2.    Distribution of debentures or deposit certificates to shareholders out of the accumulated profits of the company and issue of bonus shares to preference shareholders out of accumulated profits;

3.    Distribution made to shareholders of the company on its liquidation out of accumulated profits; 

4.    Distribution to shareholders out of accumulated profits on the reduction of capital by the company; and 

5.    Loan or advance made by a closely held company to its shareholder out of accumulated profits.

Taxability of Dividends before AY 2020-2021:
If a shareholder gets dividend from a domestic company on or before the 31st day of March, 2020, then he/she shall be exempt from tax under section 10(34) of the Act and the domestic company is liable to pay a Dividend Distribution Tax (DDT) @15% (excluding surcharge and cess) under section 115-O of the Income Tax Act. In case of dividend under Section 2 (22) (e), the DDT rate shall be substituted from 15% to 30%.

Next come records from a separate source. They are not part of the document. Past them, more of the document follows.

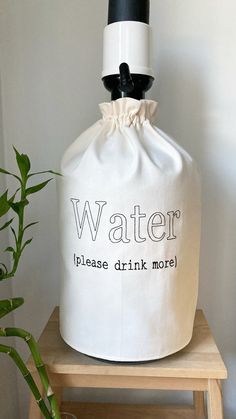 a white bag that has water in it on top of a wooden table next to a potted plant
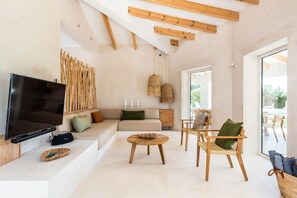 A modern living room with a flat-screen TV, wooden furniture, a sofa with cushions, and a large window.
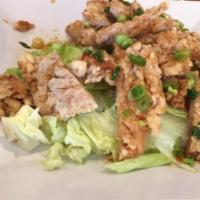 Yu Rin Gi (유린기) · Crispy fried chicken with hot, sour spicy lemon sauce and lettuce.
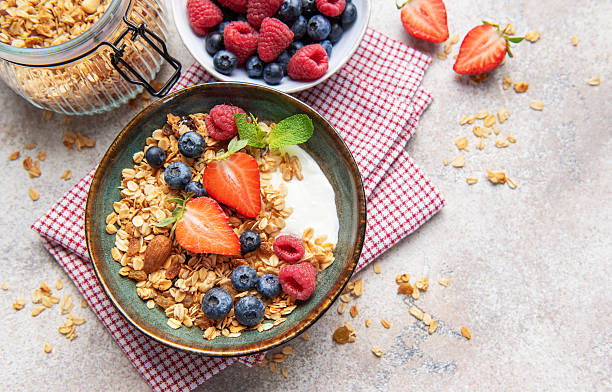istock Granola bowl with fresh berries yogurt and nuts 2238464630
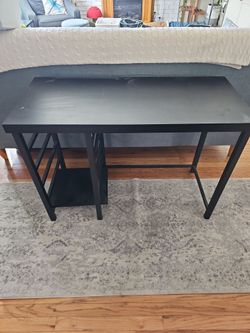 Black desk with storage area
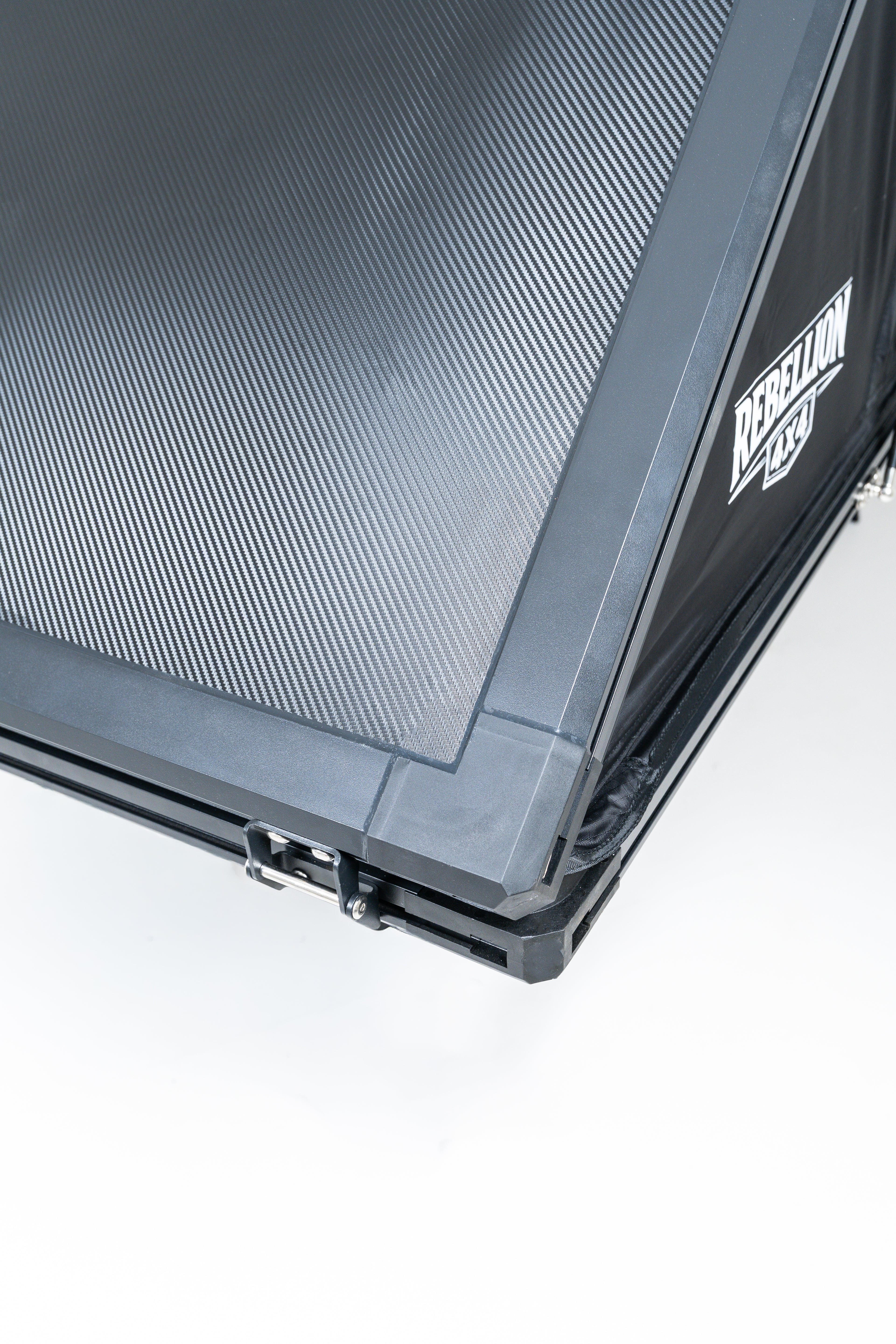 Close up of black carbon rebellion 4x4 rooftop tent on white backround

Taxability of Dividends paid by Indian company to Foreign Parent Company

Tax Withheld u/s 195 on the Dividend paid to Foreign Parent Company: In accordance with the provisions of Section 195 of the Income Tax Act, tax is required to be withheld @ 20% (plus applicable surcharge and cess) on the amount of dividend payable to foreign parent company. The TDS withheld by the payer must be deposited to the Government within 7
th of the next month (except in case of Tax Deductible in March, the due date is 30th April of the next year.  

Section 90- Avoidance of Double Taxation Avoidance Agreement
As per section 90 of the Income Tax Act, a non-resident shareholder has an option to be governed by the provisions of the Double Taxation Avoidance Agreement (‘DTAA’) between India and the country of tax residence of the shareholder, if such provisions are more beneficial to such shareholder to avoid of double taxation of income under this Act and under the corresponding law in force in that country. Here are the few examples:

1.    Tax treaty between India and Germany determines that their bilateral withholding tax on dividends is 10%, then India will tax dividend payment that are going to Germany at a rate of 10%, and vice versa.

2.    In case of tax treaty between India and Canada, the withholding tax on dividend is 15% if at least 10% of the shares of the company paying the dividends is held by the recipient of dividend. But in other cases, the withholding tax on dividend is 25%, hence the India will tax divided payment at the rate of 20%.

3.    In case of tax treaty between India and United Kingdom, the withholding tax on dividend is 10%. But in case the dividends are paid out of income (including gains) derived directly or indirectly from immovable property within the meaning of Article 6 by an investment vehicle, the withholding tax on dividend is 15% of the gross amount of the dividends.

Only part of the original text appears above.